国民は飢えているのに、核兵器を造る北朝鮮。昨年は韓国の離島を砲撃した。暴走を止めるには、周辺国が連携し圧力と対話を駆使するしかない。
軍事力で威嚇して相手に譲歩させ、交渉条件を有利にして見返りを要求する。この「瀬戸際戦術」が北朝鮮の常とう手段だが、最近の行動は常軌を逸している。
昨年十一月、訪朝した米核科学者にウラン濃縮施設を見せ、プルトニウム抽出に加え新しい核製造技術があることを示した。その十一日後には黄海に浮かぶ韓国領延坪島に砲弾を撃ち込み、韓国の兵士と住民計四人が死亡した。
◆後継体制確立への焦り
これまでは核の威嚇と韓国に対する軍事挑発を同時に行うことはなかった。金正日総書記には脳卒中の後遺症がある。指導力に問題はないと誇示し、国内引き締めのためあえて危機をつくりだす必要があったようだ。
三男正恩氏が昨年九月、後継者として公式デビューした。人民軍大将の称号を受け、労働党中央軍事委員会の副委員長に就任した。軍事大学で学んだ「砲術の天才」と宣伝されるが、まだ二十七か二十八歳で、経験も実績も足りない。金総書記には自らが健在のうちにまず正恩氏に対する軍部の忠誠を固め、後継体制を確立したいという焦りがあるのではないか。
黄海には韓国側が設定した海上境界線があるが、北朝鮮はこれを無効だと主張する。延坪島砲撃は境界線変更の交渉を迫る威嚇という側面もあった。
北朝鮮の戦略は二つに集約される。「核保有国」としての地位を認めさせ、核凍結や放棄の見返りに大規模な経済支援を要求する。朝鮮半島と周辺に軍事力を展開する米国と交渉し、自国の体制維持を図ることだ。
米韓のシンクタンクは北朝鮮が年内にも三度目となる核実験や、米本土に近づく長距離弾道ミサイルの試射をする可能性があると警告する。今年も危険な「賭け」は続くとみるべきだろう。
延坪島砲撃で李明博政権は、昨年三月に韓国哨戒艦が魚雷攻撃で沈没した時より強硬姿勢で臨んだ。同盟国・米国との合同演習を黄海で実施。米原子力空母「ジョージ・ワシントン」やイージス艦が参加し、艦上のミサイルは北朝鮮全土を射程に入れた。
北朝鮮軍はこの間、警戒態勢を強いられ乏しい装備や燃料を消費することになった。米韓が圧倒的な軍事力を見せつけて、新たな挑発を抑えたといえよう。
◆民間人犠牲に謝罪せよ
朝鮮半島の緊張はまだ沈静化していないが、年が明けてわずかだが変化の兆しが出てきた。

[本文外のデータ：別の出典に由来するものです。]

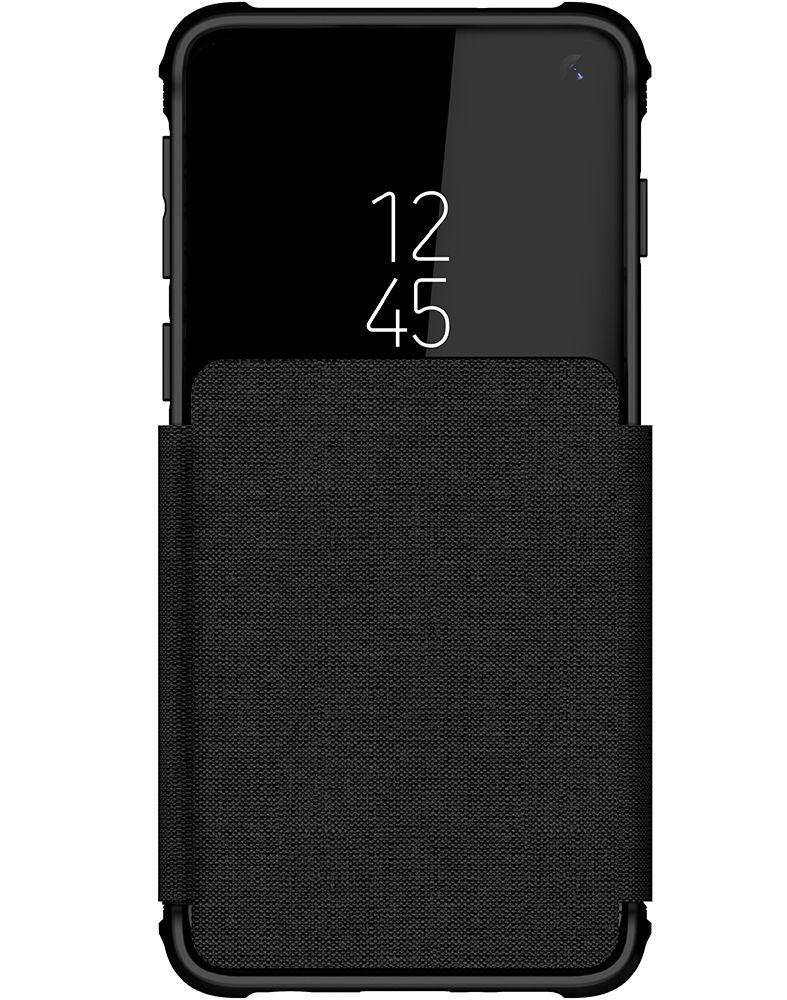 Galaxy S10 Wallet Case | Exec 3 Series [Black] (Color in image: Grey)
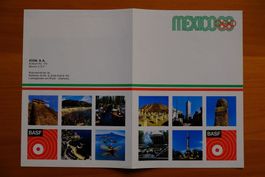 Folder Mexico Olympia 1968 (BASF)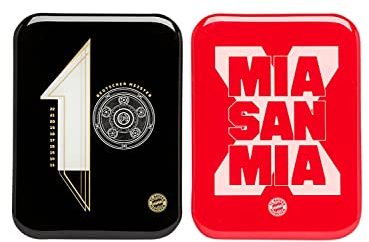 FC Bayern München Magnet 2er Set Deutscher Meister 2022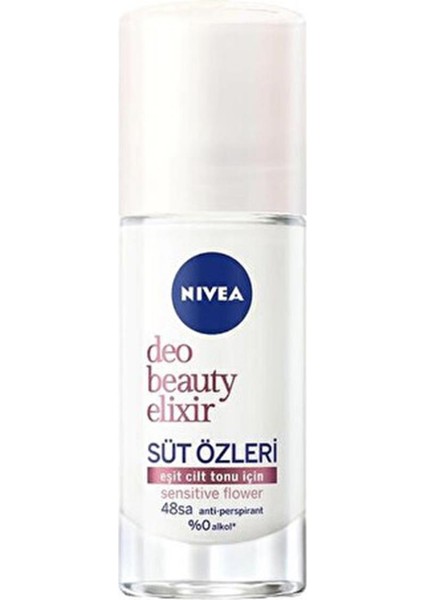 Deo Roll-On Beauty Elixir Hassas 40 ml Parfüm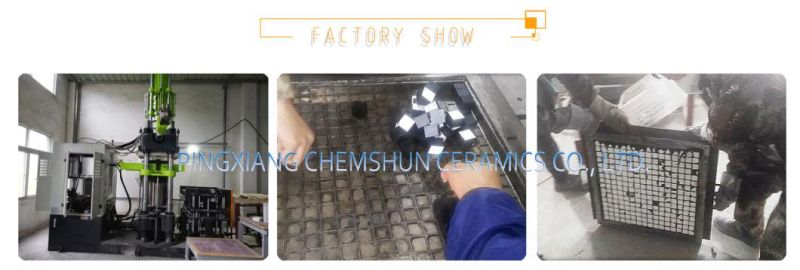 Alumina Ceramic Rubber Components From Chinese Ceramics Manufacturer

北朝鮮は労働党機関紙「労働新聞」など三紙の新年共同社説を通じ、軍を統治の柱とする「先軍政治」の強化を掲げたが、その一方で「対話と協力を進めて南北関係を復元していく」との見解を示した。李明博大統領は年頭演説で、北朝鮮に対し「核と軍事的冒険主義を放棄せよ」と迫りながらも「対話のドアはまだ閉ざされていない」と述べた。
米国と中国もワシントンでの外相会談で、南北関係改善を呼びかけた。オバマ政権は北朝鮮のウラン濃縮を放置すれば新たな核拡散を生むという危機感を強め、外交解決の道を模索し始めたようだ。中国はまず南北対話を実現させ、次に六カ国協議開催につなげたい意向だろう。
南北対話再開にはまず北朝鮮が延坪島砲撃、とりわけ韓国の民間人犠牲に対し謝罪することが第一歩になろう。朝鮮中央通信は事件後「民間人死傷者が発生したのが事実なら極めて遺憾なこと」と報じているが、当局者が直接表明する真剣さを望む。
周辺国は北朝鮮に非核化に取り組む具体的な行動を要求している。核廃棄を約束した六カ国協議の二〇〇五年共同声明の履行が必要だ。国際原子力機関(IAEA)の監視要員復帰も速やかに実行すべきだ。
日本にも重要な課題がある。朝鮮半島有事の際は在留邦人救出を迫られるから、韓国政府に安保協力強化を働きかけたい。北朝鮮の動向を正確につかむには、影響力を持つ中国との外交関係を早期に再構築しなくてはならない。
◆軍拡中断し食料確保を
先軍政治は民衆の暮らしを犠牲にする。各国の支援は増えず、食料不足は深刻だ。韓国研究者が脱北者の調査を基に推定したら、北朝鮮の十、二十代の身長は韓国の若者と比べ、男女とも七、八センチも低いという結果が出た。
北朝鮮は核やミサイル開発など軍拡路線を中断し、資金や資材の一部でも食料確保に充てるべきだ。食料事情が改善しなければ、やがては後継体制が根底から揺らぐ日が来るだろう。